2. Swedes often enjoy a little bit of one-up-manship. They like to boast (very gently, of course – they are Swedes, after all, and don’t go in for vulgar gloating), about what they have. They buy expensive houses way out of their means, and only pay off the interest. So, they don’t (and won’t ever) own them. They are very materialistic, and I think, pretty judgemental. Only, they would never admit to that (not even to themselves).

 3. The Swedes are very proud of their healthy lifestyles: they exercise, eat plenty of fruit and vegetables, and limit their kids’ sugar consumption. However, there is an undercurrent which is either hypocrisy or ignorance, and I am not sure which: they eat copious amounts of sausage and other processed meats that are absolutely jammed-packed with E numbers and artificial ingredients.
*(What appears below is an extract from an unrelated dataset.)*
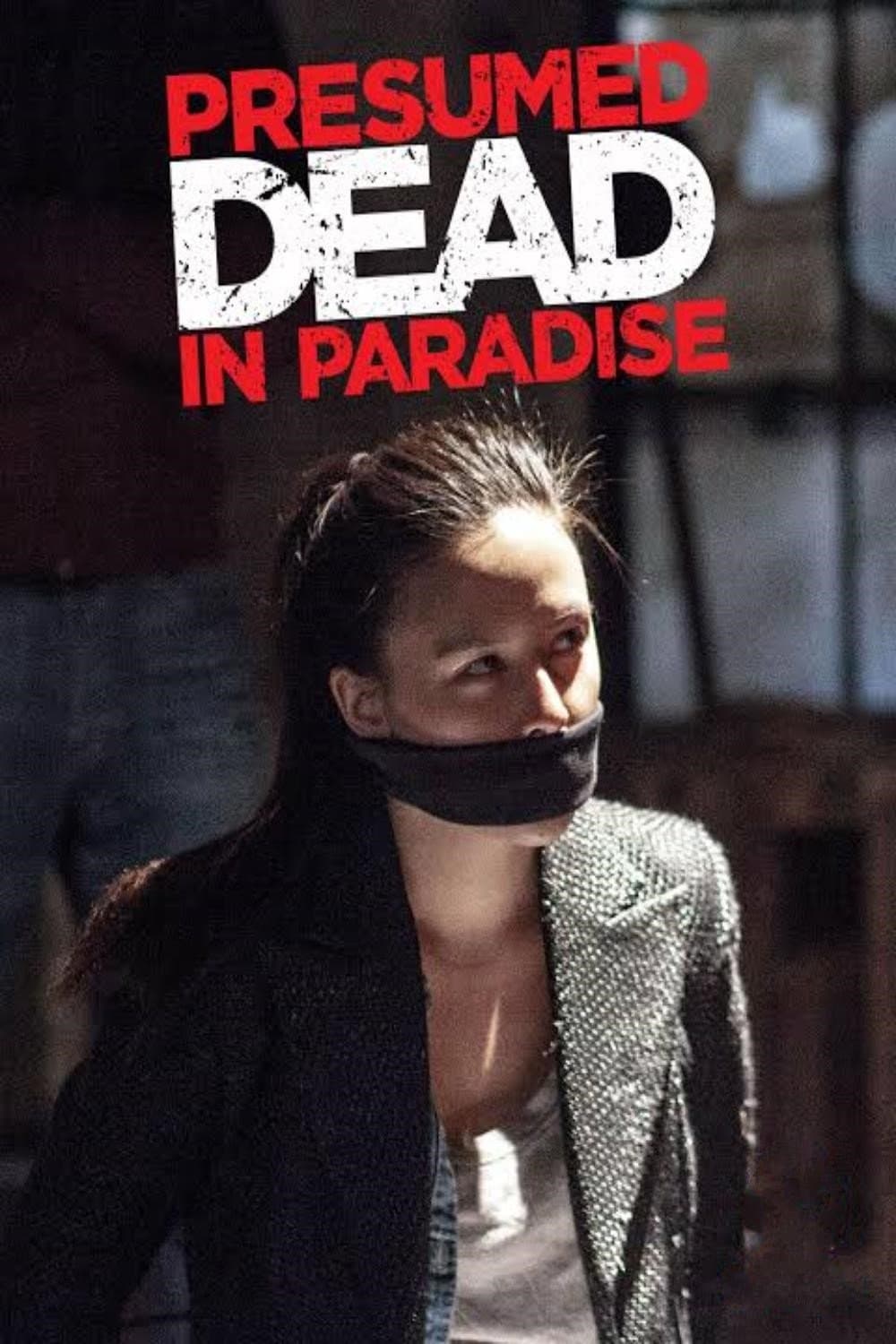 Presumed Dead in Paradise photo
In fact, pick up any random grocery item and you would be amazed by the contents, the majority unfavourable. Kind of like the UK 20 years ago, before we realised the dangers artifical addititves presented. So, banging on about kids only having sweets on a Saturday is somewhat redundant when you feed them food full of crap every day.

4. They like herring. Lots of it. I don’t like it, and this seems to rankle with Swedes. In the 15 years H and I have been together, his family have tried to persuade me to eat it; even so far as one Midsommer trick me into it eating it! It just doesn’t sit well with them that it’s not for me. My boys like it; thank goodness – otherwise could you imagine the grief I would get then? They would assume that I was cheer-leading my own “We hate sill” campaign. And while we are on the subject of food – most of theirs is bland. And that’s coming from an English woman; we’re not exactly adventurous in my part of the world.

5. They don’t shout. Ever. I do. Lots. It makes me feel as though social services are going to come pounding on my door at any given moment, after receiving a complaint of continued shouting at children! I am not that bad, promise, but when they are all so held-together, it makes you feel like that!

6. They don’t queue. They just seem unable to grasp the concept. In the same token, they don’t let you out in traffic either; they also don’t wave thank you when you do let them out. As a polite nation I find this a rather odd phenomenon. To help with a lack of queueing, everywhere you go there are ticket systems in place, where you take a ticket and wait for your number to be called. Very handy when there are numerous people all jostling for service, kind of redundant when it is just you, but you still have to stand their like a numpty, waiting for your number to be called.

7. It’s expensive. God, is it expensive. Everything is two or three times as much as in the UK. Okay, wages are slightly higher, but not that much in comparison to the UK. Come back, Primark; all is forgiven!

Phew. Okay, I think I will give the Swedes a break now. I would love to hear other expat’s views on our lovely adopted homeland, and the little things they find annoying.


It’s been a LONG time

I’ve been missing in action.

Well,  not when I say action,  I mean spending my spare time writing another blog.  I know.  How unforgivable of me.  It’s here if anyone is interested!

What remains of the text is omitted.